New Year’s Day Prep Southern Style:

  1. New mop and broom.
    — One does not bring last year’s dirt into a new year.
  2. A man must be the first one to come into to house.
    (2a. That man must have money in his pocket.)
    — Usually, this was the man of the house, who would walk out the back door, if available, then enter through the front door.
  3. Everything must be clean. Your clothes, your linen, your home, you.
    — A continuation of not bringing in last year’s dirt into a new year – starting after Christmas, the home gets a scrub down.  For some homes, the parts of the house that would be seen by any company that may happen to come calling was enough. For others, the home is cleaned stem to stern within an inch of its inanimate life. Then once everything was cleaned, it was time for everyone to get clean. Hair washed, toe nails clipped, root-to-toot clean.
  4. Prepare the good luck meal of Pork, Black Eyed Peas, and Collard Greens.
    — Though generally a ham, it can be any kind of pork, but it must be pork. Black-eyed peas, on its own or mixed with rice. Collard/Kale/Mustard Greens, or any combination thereof, rounds out the holy trinity of culinary tradition.

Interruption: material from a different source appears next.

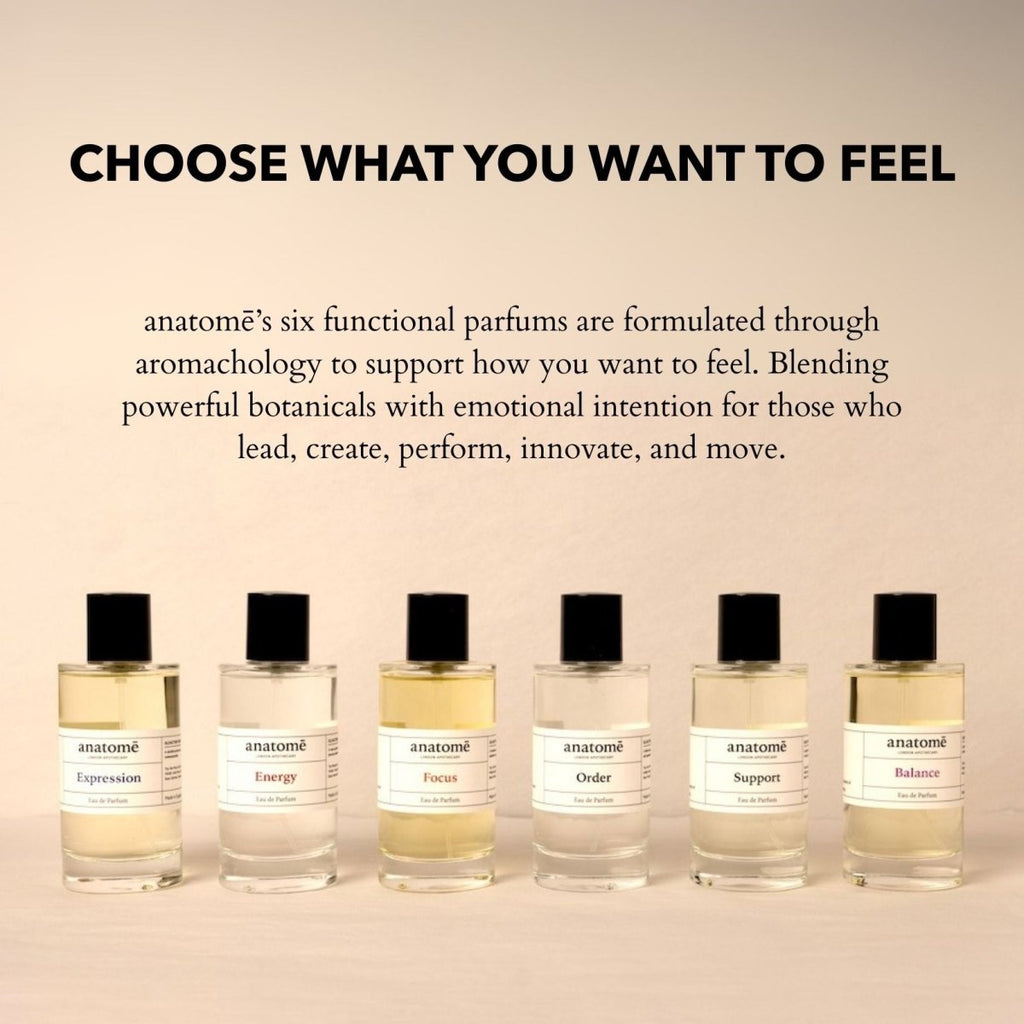 Energy Eau de Parfum | Travel  10ml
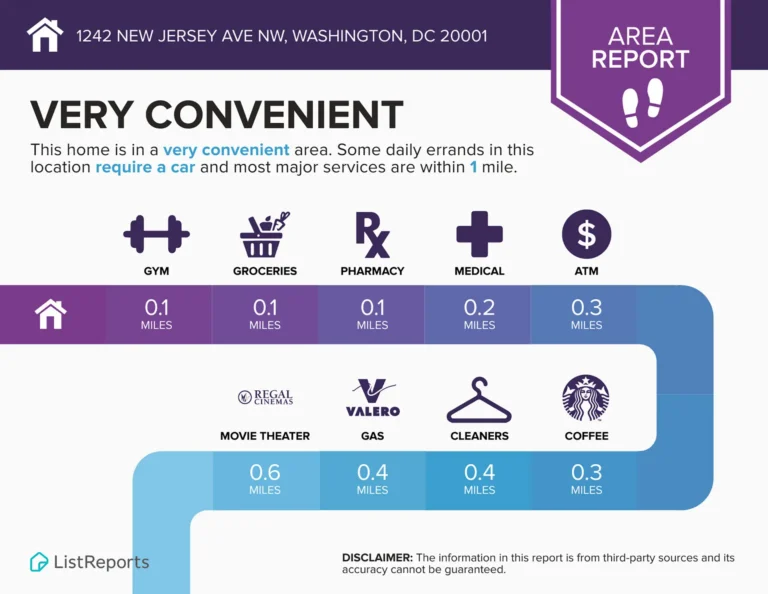 Area report — 1242 New Jersey Ave NW #2, Washington, DC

All of the above, if followed properly, was presumed to be an assurance of a healthy and prosperous year ahead for you and your family.

So after all that – speaking solely from personal experience – considering the fucked-up, not even close to putting the fun in dysfunction people I was blessed to have to shape my young life, all I can say of all that is BULLLLLLL SHIIIIIIIIIIIIT!

After all, these traditions were ones passed down from families who lived in or were a part of private homes. As poor tenement dwellers, this premise was a glass cliff from the start.

  1. A new mop and broom: Unless it somehow was no longer usable during that week, my mother held on to mops or brooms until the last strands or straws fell off. Who could afford to waste money replacing perfectly good items?
  2. A man must be the first one to come into to house (and have money in his pocket). The only way this could occur is if my father went out for New Year’s Eve and drunkenly stumbled in the door first by happenstance. If there was something needed from the store we could not wait for him to get up first, for if he was home at midnight that meant he did not have any money to go anywhere the night before. So much for money in his pocket. Not to mention, we lived in a tenement, duh! There was no back door to go out of in order to come in a front one. And he damned sure was not getting out of bed and getting dressed to walk out of a door -only to walk back in again- just to satisfy some tradition/superstition. More often than not, I was usually the first person to cross the threshold on the first day of the year.
  3. Everything must be clean.  As an only child and a female, with a father who lifted nothing other than a fork or a liquor bottle, the totality of this cleanliness ritual fell to my mother and I. As I got older the brunt of it was on me.  The days between Christmas Day and New Year’s Day were bloody torture for me. I do not exaggerate when I say bloody as my knuckles often became cracked and raw from the constant scrubbing with bleach, ammonia, Lestoil, Pine Sol and hot water as I cleaned. And don’t you dare ask whether I used gloves. Despite years of seeing others, yes white women, doing so on television and in movies, I was well into my teens before it even became a thought in my head as something I could do for myself. The one time I actually brought it up, my mother looked at me with much disdain. “What? You think you too precious to touch water?” The use of gloves was never brought up again.
  4. The good luck meal. Since ham was made for Christmas, in my mother’s kitchen the pork part of the tradition was almost always in the form of chitterlings and hog maw (the smaller intestines and stomach lining of a pig, respectively, cooked for food). If you have no idea whatsoever of what I speak, my God I how I envy you and wish I shared the wonderful bliss of your ignorance! Years after I left home, the smell of bleach and ammonia combined -something everyone knew you should not mix, yet everyone did exactly that back then- would immediately take me back to New Year’s Day when my mother’s kitchen was an olfactory assault of cleaning products and offal stench as my mother spent a good hour or so at the sink cleaning the -ahem- meat before cooking it. Once I was whipped and not allowed to eat anything if I did not eat everything was cooked for the house for New Year’s Day. I took the beating and went hungry for two days because I refused to let that nastiness cross my lips. The only reason I did not starve for three days was because winter break was over and school had started again where I ate breakfast and lunch. I still was not allowed to eat dinner at night. This stalemate lasted until all of the chitterlings was gone and something else was cooked that I was willing to eat.  This whipping and starving routine were repeated several times over a couple of years before I was taken seriously and allowed to eat only what I wanted. I just realized, I was only ten when I first defied my mother like that. That was truly the precursor to what was coming down the pike – but I digress.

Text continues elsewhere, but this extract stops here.